SOFTSPOKEN 『Martyr』 Theoria(2025)

 さらにブリング・ミー・ザ・ホライズンに代表されるエレクトロニコア的なプロダクションにも挑み、新境地を開拓している。

 「音作りはプロデューサーのキャメロン・ミゼルの手腕が大きい。エレクトロを取り入れたのは、変化を恐れずに良いものを取り込んでいきたいという気持ちがあったから」(サム)。
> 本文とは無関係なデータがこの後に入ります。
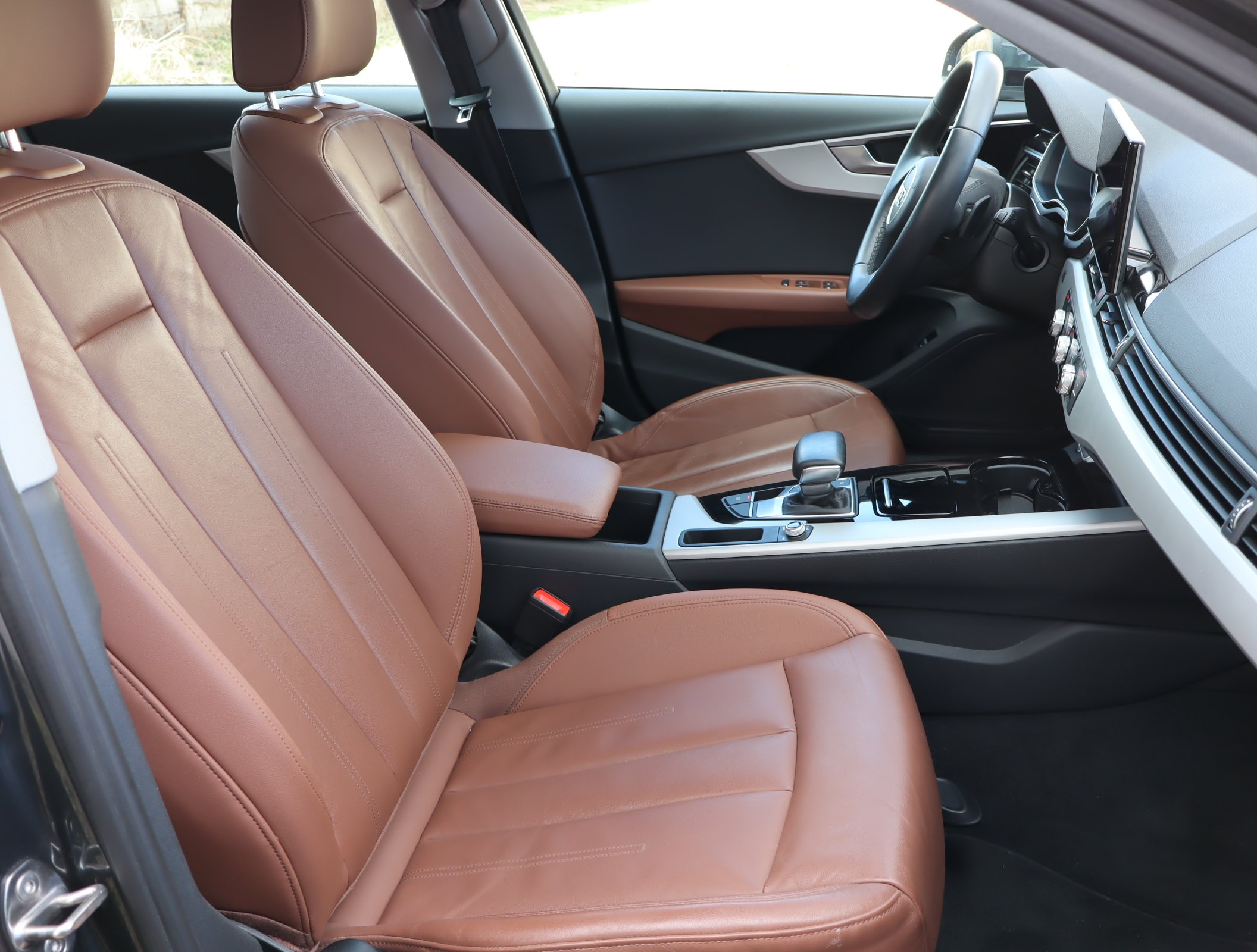 Audi A4, 2021 - pohled č. 12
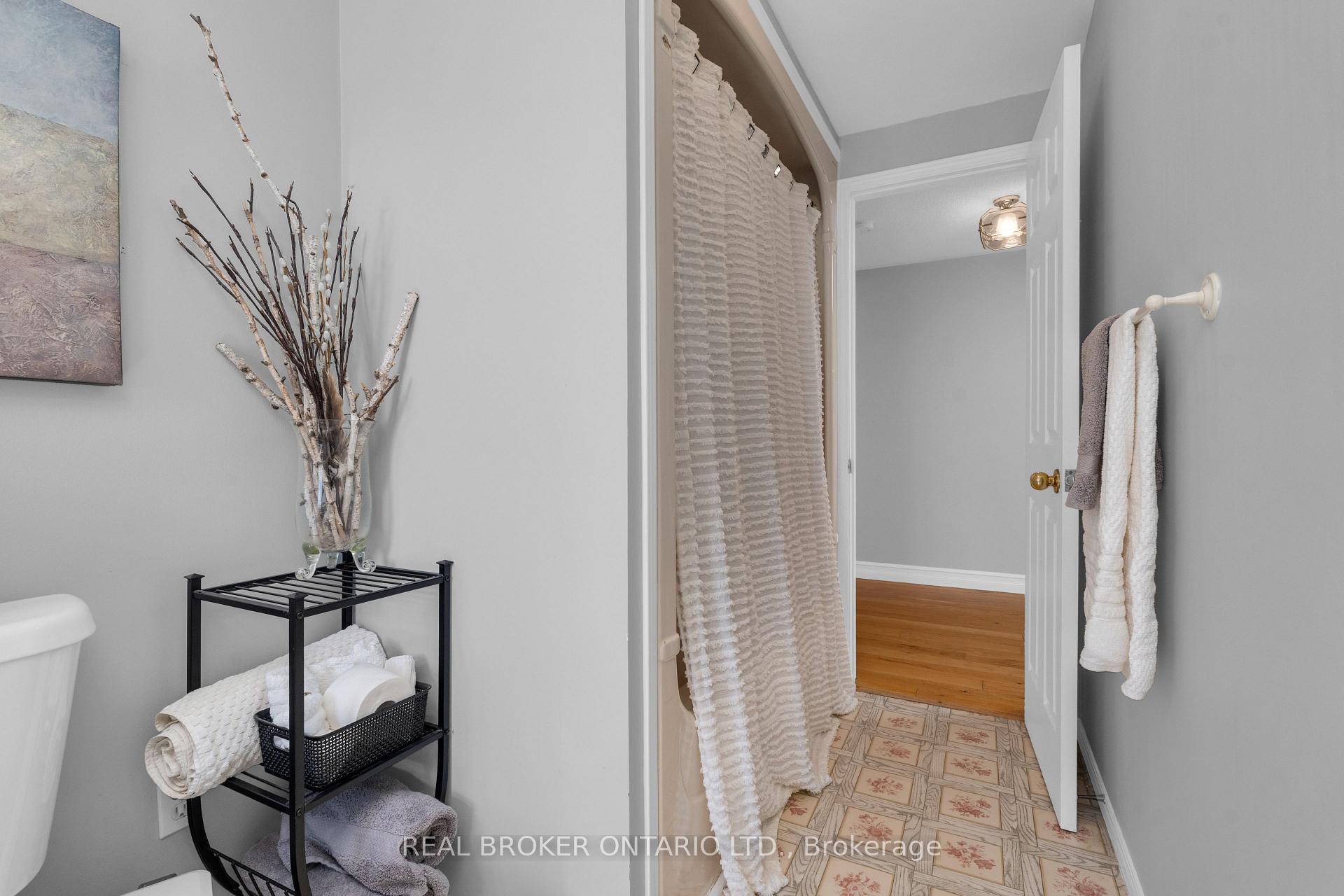 Photo 38 of 215 Mary Anne Drive, Barrie, Painswick North — HOMEH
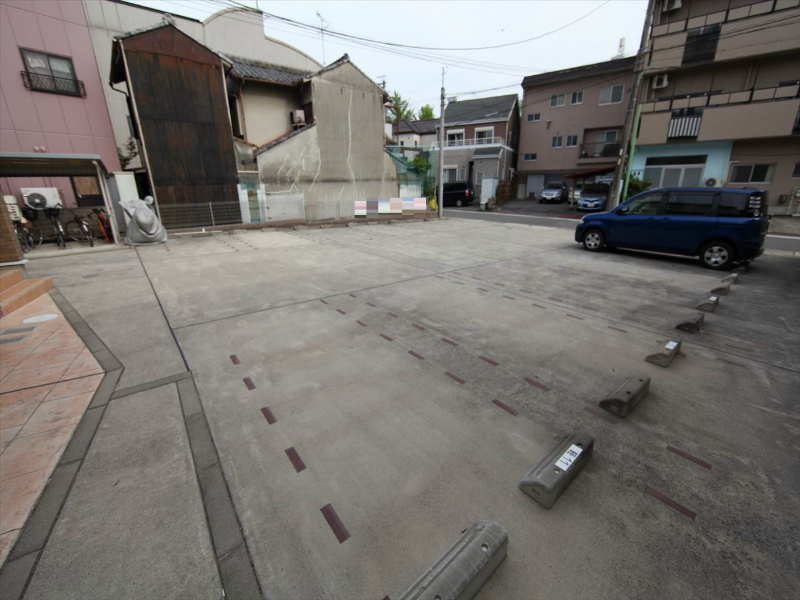 エスペランサ内山 敷地内平面駐車場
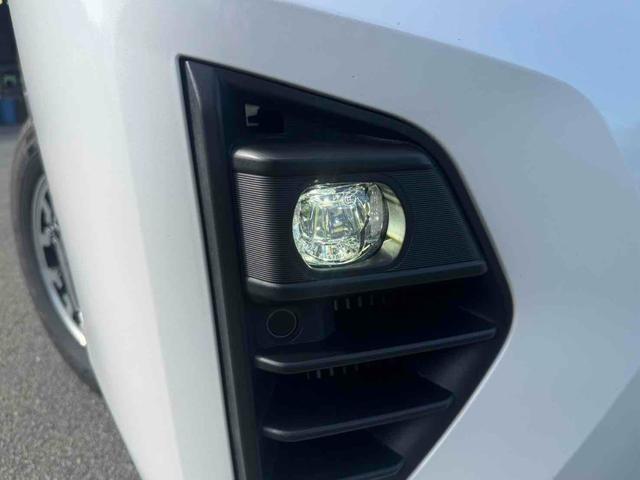 キャラバン 　４ＷＤ　ビルトインＥＴＣ　アラウンドビューモニター　ブラックレザーシート　クリアランスソナー　両側スライドドア　純正ディスプレイオーディオ　ＬＥＤヘッドランプ　純正１５インチアルミホイール　ＥＳＣ（30枚目）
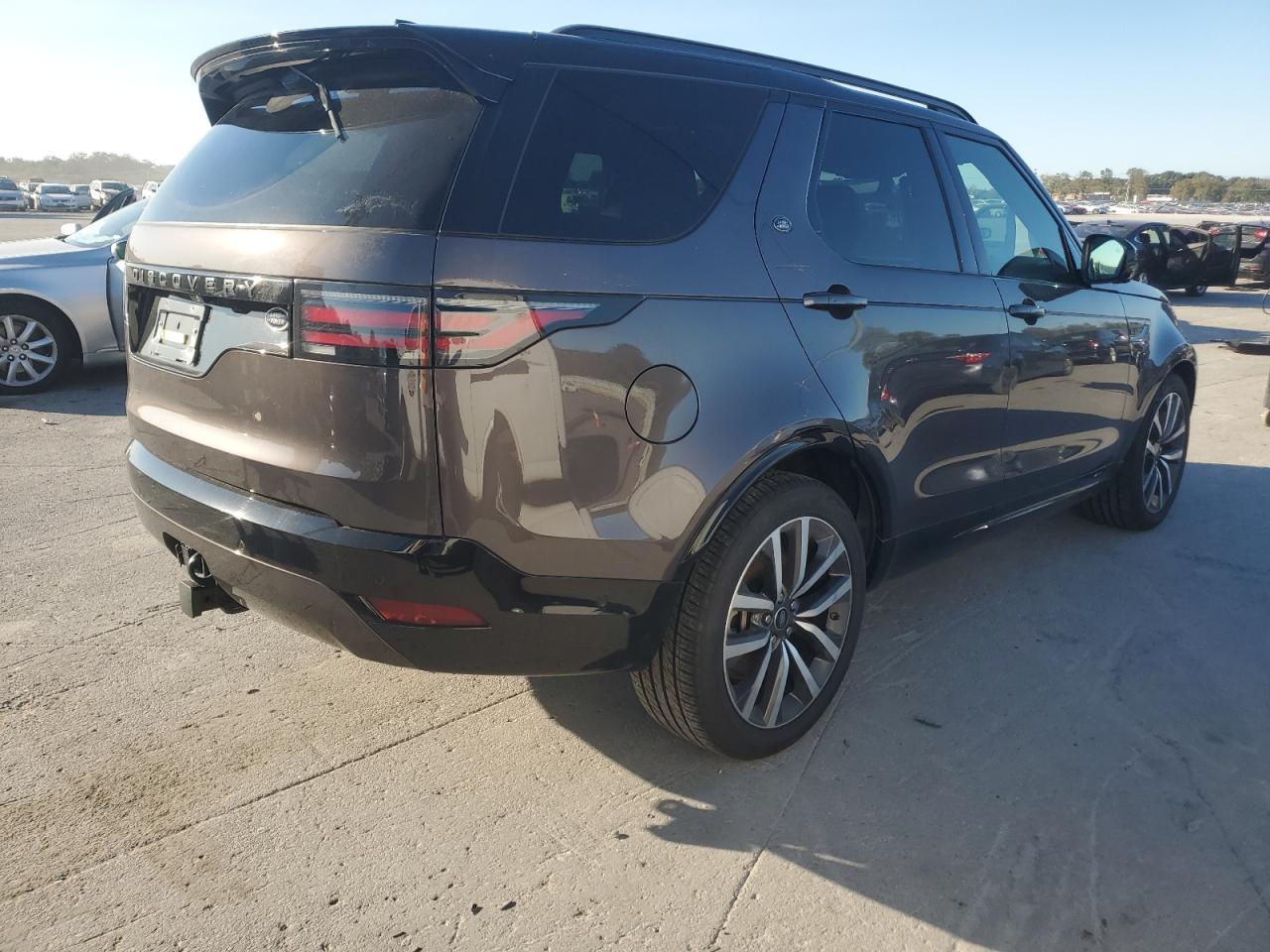 2021 Land Rover Discovery S R-Dynamic - Image 3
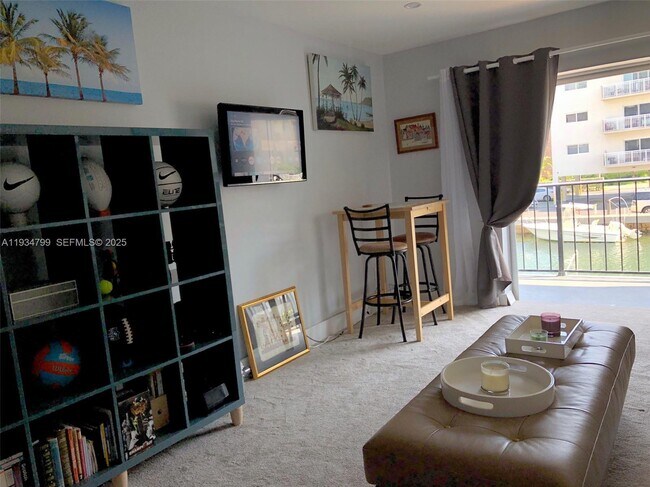 Foto del edificio - 3642 NE 171 St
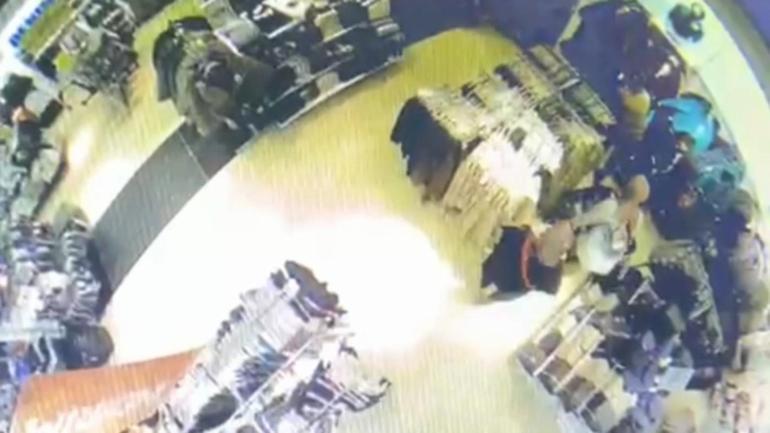 AVMlerde kılık değiştirip turist gibi davranan hırsızlık şüphelisi 2 kişi yakalandı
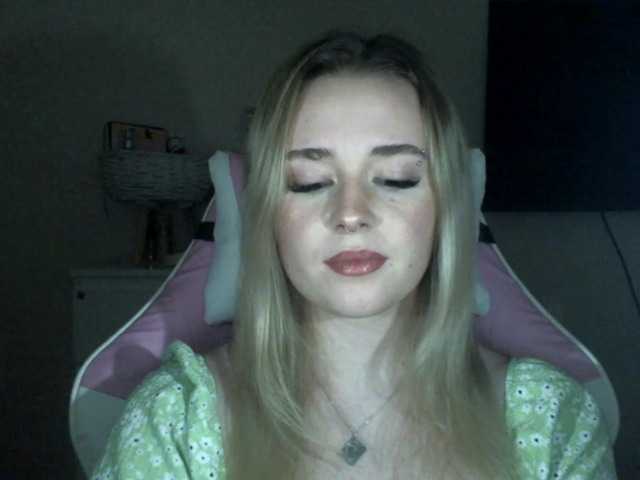 Oddajajo posnetke zaslona Carmen4you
 今作のなかでチャレンジングだった楽曲を聞いてみた。

 「“Throw Me Your Roses”は唯一メンバー全員で作り上げた曲なんだ。個々のアイデアを上手く集約できたと思う」(ケビン)。

 「“I Against Me”の歌詞は個人的なものなんだけど、〈内なる闘い〉みたいなテーマになった。精神のバランスが取れなくなった人に共感してもらえる内容だと思うよ」(サム)。

 「ほとんどの曲はキャメロンがプロデュースしているけど、“I Against Me”だけエヴァン・マッキーヴァーがやってくれたんだ。サムがヴォーカルのアイデアを膨らませて、ケビンがR&Bのテイストを入れてくれた。この曲だけ3拍子で実験的に作ったものだけど、良い仕上がりになったよ」(クリス)。

 内省的な歌詞と共にサウンドを飛躍的に向上させた今作は、ロック好きならば必ず響く要素が満載だ。ぜひともチェックしてほしい。

 


ソフトスポークン
サム・シューアー(ヴォーカリスト)、クリス・ウェジントン(ギター)、ロビー・ヴァルデズ(ギター)、ディラン・カーター(ベース)、ケビン・ポッツ(ドラムス)から成る5人組バンド。2016年に結成され、2019年にファースト・アルバム『Deaf Perception』をリリース。2021年のEP『Where The Heart Belongs』がヒットし、アップカミングな存在として注目された。2024年の初来日公演を経て、このたび3作目となるEP『Martyr』(THEORIA)をリリースしたばかり。